The Weld County Veterans Memorial is located in Greeley, Colorado near Bittersweet Park at the corner of 16th St. and 35th Ave. It is "dedicated to the men and women of Weld County who have served our country in times of peace and war, and especially to those who gave their lives".

Dedicated on Veterans Day in 1997, the memorial's 10th anniversary was celebrated on Veterans Day, 2007. Annual Memorial Day, Veterans Day, and Armed Forces Day ceremonies are held at the memorial.
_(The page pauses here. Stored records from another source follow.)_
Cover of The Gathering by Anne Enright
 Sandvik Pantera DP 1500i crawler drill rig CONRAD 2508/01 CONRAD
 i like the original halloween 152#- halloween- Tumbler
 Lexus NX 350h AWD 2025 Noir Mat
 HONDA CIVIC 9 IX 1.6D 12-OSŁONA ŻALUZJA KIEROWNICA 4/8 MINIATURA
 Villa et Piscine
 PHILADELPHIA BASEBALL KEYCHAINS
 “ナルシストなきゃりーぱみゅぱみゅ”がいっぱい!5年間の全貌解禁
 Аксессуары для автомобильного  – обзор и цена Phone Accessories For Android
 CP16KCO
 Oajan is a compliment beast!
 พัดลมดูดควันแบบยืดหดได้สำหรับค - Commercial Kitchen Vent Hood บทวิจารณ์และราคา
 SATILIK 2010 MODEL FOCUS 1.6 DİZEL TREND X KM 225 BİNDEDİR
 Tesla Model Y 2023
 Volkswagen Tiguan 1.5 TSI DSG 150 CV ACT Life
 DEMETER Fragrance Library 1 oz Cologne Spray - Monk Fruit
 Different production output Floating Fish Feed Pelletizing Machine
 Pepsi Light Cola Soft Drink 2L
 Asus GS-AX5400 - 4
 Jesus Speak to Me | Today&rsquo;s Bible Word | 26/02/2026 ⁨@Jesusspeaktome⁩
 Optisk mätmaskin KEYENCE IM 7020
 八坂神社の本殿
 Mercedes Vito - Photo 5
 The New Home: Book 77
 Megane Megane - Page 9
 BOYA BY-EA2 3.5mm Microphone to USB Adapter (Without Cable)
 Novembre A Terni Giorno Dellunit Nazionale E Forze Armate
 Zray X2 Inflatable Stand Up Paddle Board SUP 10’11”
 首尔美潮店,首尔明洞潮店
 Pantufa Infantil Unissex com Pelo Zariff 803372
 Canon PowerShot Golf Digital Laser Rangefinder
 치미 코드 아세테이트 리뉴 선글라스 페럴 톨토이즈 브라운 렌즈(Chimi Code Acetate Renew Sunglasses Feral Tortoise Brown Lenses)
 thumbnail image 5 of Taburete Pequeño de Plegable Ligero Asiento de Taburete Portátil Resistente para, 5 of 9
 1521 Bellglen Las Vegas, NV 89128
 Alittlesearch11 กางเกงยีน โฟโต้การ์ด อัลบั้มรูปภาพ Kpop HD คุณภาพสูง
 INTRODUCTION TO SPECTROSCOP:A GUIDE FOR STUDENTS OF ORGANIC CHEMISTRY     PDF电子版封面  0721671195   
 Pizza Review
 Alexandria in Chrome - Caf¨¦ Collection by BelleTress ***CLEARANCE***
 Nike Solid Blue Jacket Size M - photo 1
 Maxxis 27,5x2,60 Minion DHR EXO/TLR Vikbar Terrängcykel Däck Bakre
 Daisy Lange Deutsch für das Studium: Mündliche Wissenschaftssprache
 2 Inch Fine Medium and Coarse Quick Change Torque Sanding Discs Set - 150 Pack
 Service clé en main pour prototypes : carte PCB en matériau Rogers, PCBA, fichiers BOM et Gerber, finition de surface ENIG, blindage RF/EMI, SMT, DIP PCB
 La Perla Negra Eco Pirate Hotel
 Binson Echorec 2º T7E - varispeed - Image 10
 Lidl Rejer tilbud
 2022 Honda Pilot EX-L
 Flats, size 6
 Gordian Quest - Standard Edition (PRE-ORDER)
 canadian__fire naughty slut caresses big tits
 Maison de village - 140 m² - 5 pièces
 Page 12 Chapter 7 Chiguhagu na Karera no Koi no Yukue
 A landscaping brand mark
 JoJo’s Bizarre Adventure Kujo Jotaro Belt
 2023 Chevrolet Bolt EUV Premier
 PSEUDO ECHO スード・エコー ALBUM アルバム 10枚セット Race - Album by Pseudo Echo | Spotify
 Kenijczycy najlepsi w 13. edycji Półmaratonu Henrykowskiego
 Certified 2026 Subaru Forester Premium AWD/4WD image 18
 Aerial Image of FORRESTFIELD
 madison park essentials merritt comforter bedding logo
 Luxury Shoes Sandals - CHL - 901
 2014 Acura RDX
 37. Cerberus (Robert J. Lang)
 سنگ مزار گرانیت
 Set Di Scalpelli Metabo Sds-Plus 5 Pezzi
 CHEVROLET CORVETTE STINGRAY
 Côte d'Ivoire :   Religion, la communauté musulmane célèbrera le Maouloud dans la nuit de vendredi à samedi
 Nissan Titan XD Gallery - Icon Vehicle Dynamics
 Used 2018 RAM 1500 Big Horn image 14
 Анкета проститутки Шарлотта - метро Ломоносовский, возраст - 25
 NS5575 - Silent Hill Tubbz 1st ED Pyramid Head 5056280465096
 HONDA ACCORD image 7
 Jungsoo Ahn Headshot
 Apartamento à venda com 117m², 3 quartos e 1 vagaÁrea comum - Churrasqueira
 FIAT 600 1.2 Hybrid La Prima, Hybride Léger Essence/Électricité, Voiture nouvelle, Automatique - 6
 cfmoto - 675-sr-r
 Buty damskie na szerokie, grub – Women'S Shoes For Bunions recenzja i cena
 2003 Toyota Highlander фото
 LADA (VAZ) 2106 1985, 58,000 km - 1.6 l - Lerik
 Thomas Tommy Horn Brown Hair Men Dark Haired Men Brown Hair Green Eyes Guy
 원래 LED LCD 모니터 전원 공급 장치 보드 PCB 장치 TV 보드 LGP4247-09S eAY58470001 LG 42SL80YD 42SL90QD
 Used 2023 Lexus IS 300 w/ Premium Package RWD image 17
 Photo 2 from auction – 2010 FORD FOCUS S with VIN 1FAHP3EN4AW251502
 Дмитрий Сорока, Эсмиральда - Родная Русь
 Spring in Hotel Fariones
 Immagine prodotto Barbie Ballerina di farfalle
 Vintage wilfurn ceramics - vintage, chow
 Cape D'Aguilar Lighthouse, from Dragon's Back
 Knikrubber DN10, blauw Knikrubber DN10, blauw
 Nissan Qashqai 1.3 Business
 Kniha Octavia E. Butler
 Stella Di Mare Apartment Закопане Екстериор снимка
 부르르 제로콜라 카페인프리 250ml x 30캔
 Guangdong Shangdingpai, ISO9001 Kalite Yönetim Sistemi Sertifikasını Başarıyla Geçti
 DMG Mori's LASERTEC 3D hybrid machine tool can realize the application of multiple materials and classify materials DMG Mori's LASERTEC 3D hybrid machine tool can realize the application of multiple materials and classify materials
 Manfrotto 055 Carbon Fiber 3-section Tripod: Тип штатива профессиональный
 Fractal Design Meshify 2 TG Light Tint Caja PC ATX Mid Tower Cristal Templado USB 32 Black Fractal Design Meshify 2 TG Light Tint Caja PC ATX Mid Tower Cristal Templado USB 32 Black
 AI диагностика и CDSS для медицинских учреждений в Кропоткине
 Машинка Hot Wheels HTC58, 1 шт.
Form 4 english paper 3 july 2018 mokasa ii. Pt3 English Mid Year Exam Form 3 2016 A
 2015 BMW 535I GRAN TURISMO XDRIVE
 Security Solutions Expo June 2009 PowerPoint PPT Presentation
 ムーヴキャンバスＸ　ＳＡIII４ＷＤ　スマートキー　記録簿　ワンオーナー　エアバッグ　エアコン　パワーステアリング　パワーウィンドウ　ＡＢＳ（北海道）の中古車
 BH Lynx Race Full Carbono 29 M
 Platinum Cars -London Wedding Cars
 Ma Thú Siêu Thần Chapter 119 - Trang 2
The centerpiece of the memorial is a statue of Pvt. Joe P. Martinez of Ault, Colorado, the first Weld County resident to be awarded the Medal of Honor. The bronze plaque below the statue reads:

IN GRATEFUL MEMORY OF
Private Joe P. Martinez, A.S. No. 37332507,
WHO DIED IN THE SERVICE OF HIS COUNTRY
in the North American Area, May 26, 1943

HE STANDS IN THE UNBROKEN LINE OF PATRIOTS
WHO HAVE DARED TO DIE THAT FREEDOM MIGHT LIVE,
AND GROW, AND INCREASE ITS BLESSINGS.
FREEDOM LIVES, AND THROUGH IT HE LIVES - IN A WAY
THAT HUMBLES THE UNDERSTANDINGS OF MOST MEN

Franklin D. Roosevelt
PRESIDENT OF THE UNITED STATES OF AMERICA

The memorial includes granite slabs commemorating many of the theaters of war in US military history, along with brief narratives. Also displayed are the names of the men and women from Weld County who served in each of these conflicts.